Comics, horror, noir crime, sword and sorcery, and YA lit are all brought to the fore in Michael Chabon’s Maps and Legends: Reading and Writing Along the Borderlands. This collection of short essays riffs on the gamut of genre fiction, finding interesting ways to defend genre fiction and to connect it to “high” literature. Chabon brings his own insights on writing – a process often obscured by one’s experiences as a reader – as he alchemically unites diverse and disparate topics from Norse epics to Howard Chaykin’s American Flagg! Not just dry literary theory here, no sir.
In the essay from which the book derives its name, Chabon regales readers with a childhood tale of his family’s move to an unfinished subdivision. Rather than the typical narrative of being stifled by suburban newness and sterility, Chabon imparts a feeling of awe at such open opportunity. It is an awe that motivates him to fill a sketchy map of the subdivision with wonders, as if drawing out secrets from the air. Readers are able to vicariously feel that rush of power inherent in the creative process, one which leaves you in its afterglow wondering how you have gotten from start to finish.
Filling in the map is – to the author – part of a more general aesthetic of writing from the vantage point of exile. As he sees it, both Jews and lovers of genre fiction are vibrant communities often excluded from the mainstream of society and literature respectively. It is this position of exile which tethers Chabon to his Jewish roots and to genre fiction as a collective whole.
Other pieces are, in some ways, meditations on loss of youth and its closely-associated sense of adventure.
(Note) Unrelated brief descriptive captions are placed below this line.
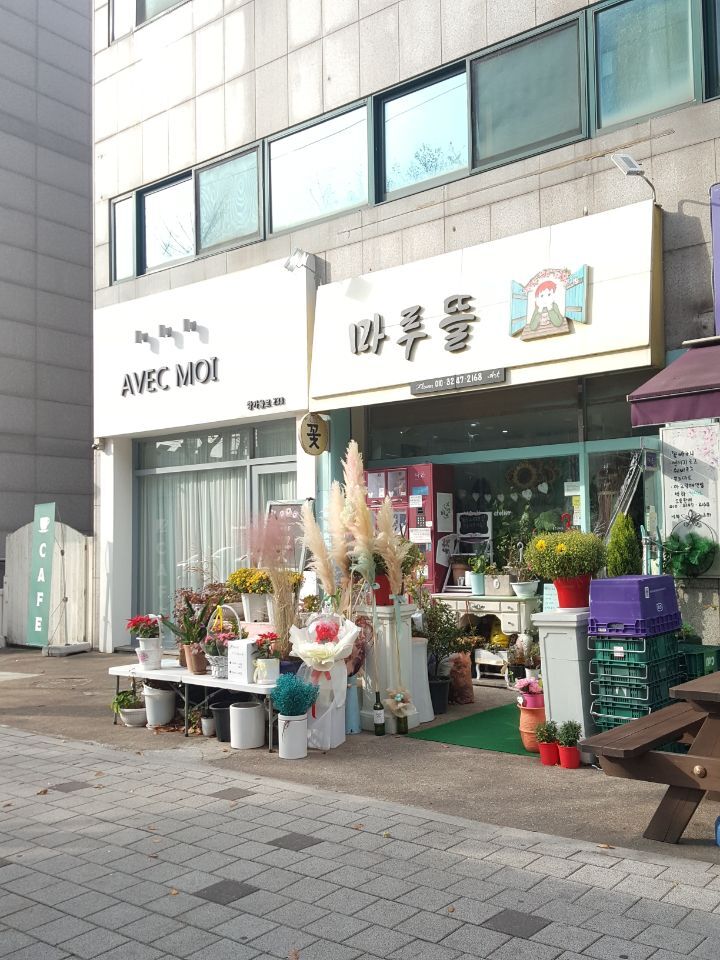 상록자이언트 이미지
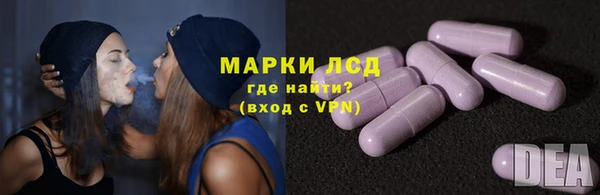 стаф Богданович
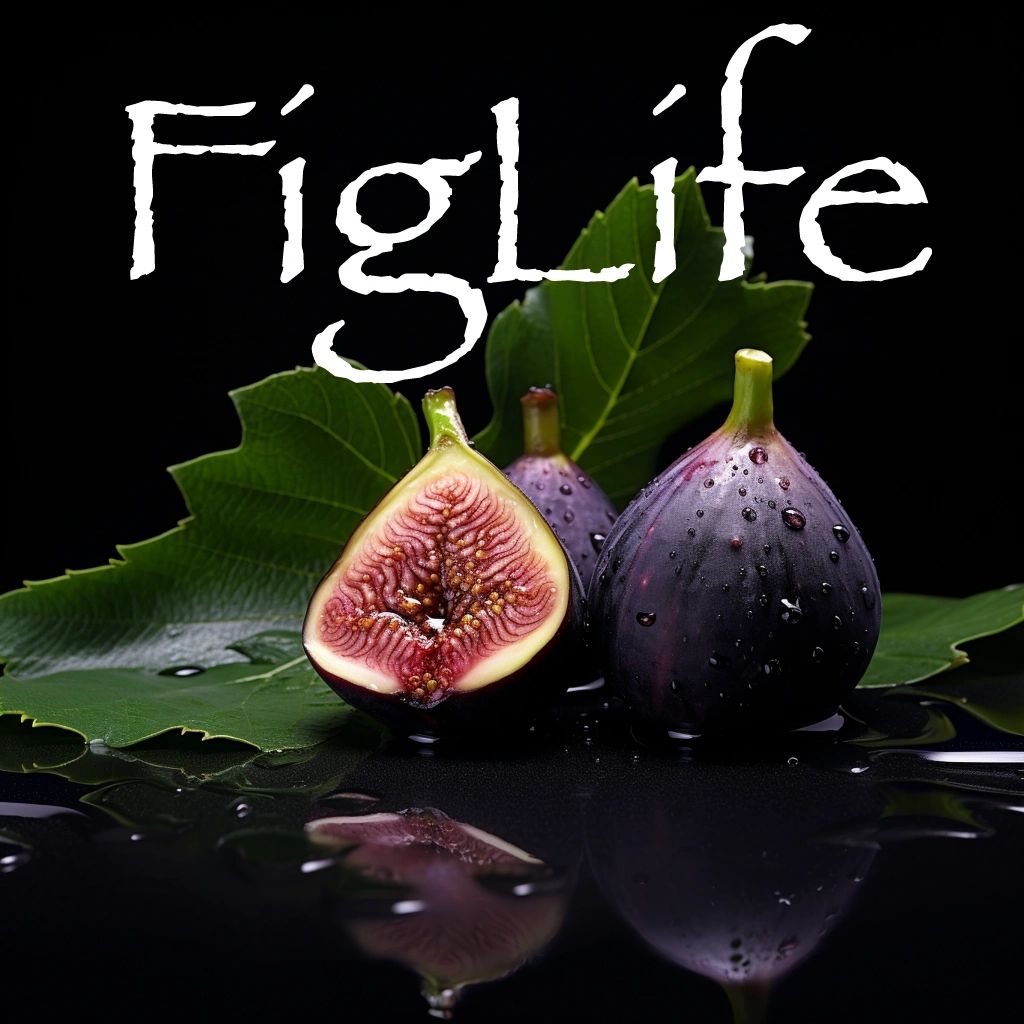 (c) Figlife.com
Philip Pullman’s His Dark Materials trilogy is characterized in such a manner. The only criticism in this laudatory essay is that the heroine of the trilogy, Lyra Belacqua, becomes a much flatter, less interesting character as she moves from unbounded agency to dutiful fulfillment of destiny. In essence, Chabon views Pullman as much greater at exploring the map of his richly developed tale than in reaching the story’s destination.
Maps and Legends is for fans of genre fiction, particularly those who do not mind blending and blurring of genre’s boundaries, or of writing about writing.